▸ Description of the task
How do the lines read from the one holding "Experience driving perfection" through the last line of the listing? Set them down exactly, pictures omitted.

=== Data provided ===

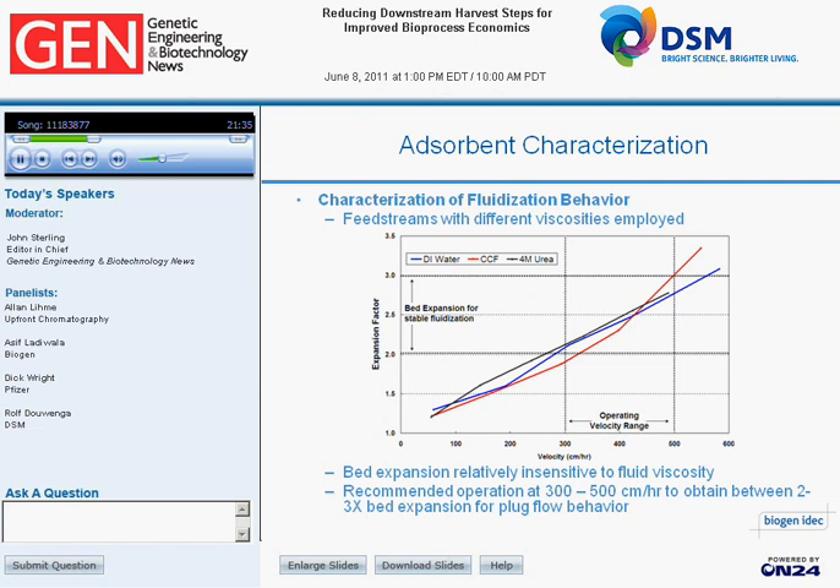For the flow expansion characterization, we used DI water to mimic aqueous buffers, cell culture fluid for cell-containing material, and four-molar urea to mimic a standard regeneration solution. The curves for all three solutions essentially overlapped, which tells us that bed expansion was relatively insensitive to fluid viscosity. To achieve stable fluidization, we operate between a 2- to 3-times expansion factor, which translates to an operating flow velocity of 300 to 500 centimeters per hour for this particular MabDirect adsorbent.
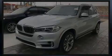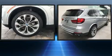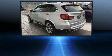Experience driving perfection in the 2017 BMW X5. With less than 20,000 miles on the odometer, this model delivers an exhilarating ride without compromising ultimate luxury.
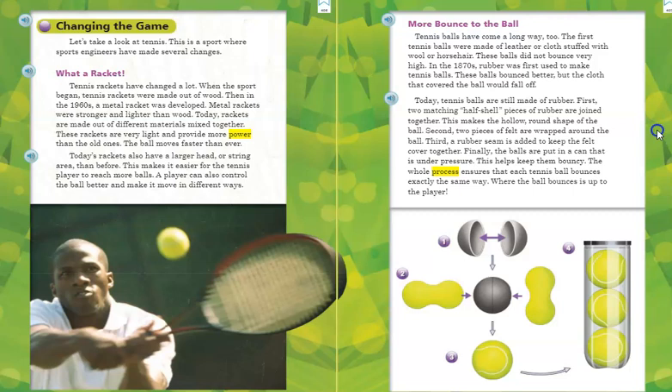More bounce to the ball. Tennis balls have come a long way, too. The first tennis balls were made of leather or cloth stuffed with wool or horse hair. These balls did not bounce very high. In the 1870s, rubber was first used to make tennis balls. These balls bounced better, but the cloth that covered the ball would fall off. Today, tennis balls are still made of rubber. First, two matching half-shell pieces of rubber are joined together, making the hollow, round shape of the ball. Second, two pieces of felt are wrapped around the ball. Third, a rubber seam is added to keep the felt covering together.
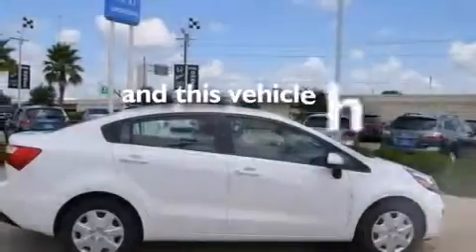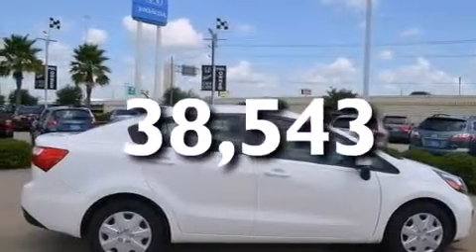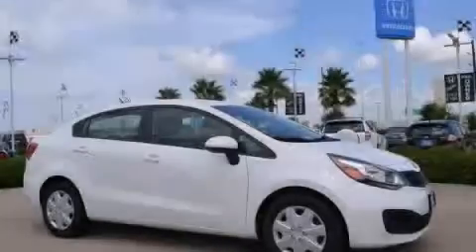And this vehicle has fewer than 39,000 miles on the odometer. Stop by today and test drive this automobile for yourself.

===

▸ Answer to the exercise
Experience driving perfection in the 2017 BMW X5. With less than 20,000 miles on the odometer, this model delivers an exhilarating ride without compromising ultimate luxury.
More bounce to the ball. Tennis balls have come a long way, too. The first tennis balls were made of leather or cloth stuffed with wool or horse hair. These balls did not bounce very high. In the 1870s, rubber was first used to make tennis balls. These balls bounced better, but the cloth that covered the ball would fall off. Today, tennis balls are still made of rubber. First, two matching half-shell pieces of rubber are joined together, making the hollow, round shape of the ball. Second, two pieces of felt are wrapped around the ball. Third, a rubber seam is added to keep the felt covering together.
And this vehicle has fewer than 39,000 miles on the odometer. Stop by today and test drive this automobile for yourself.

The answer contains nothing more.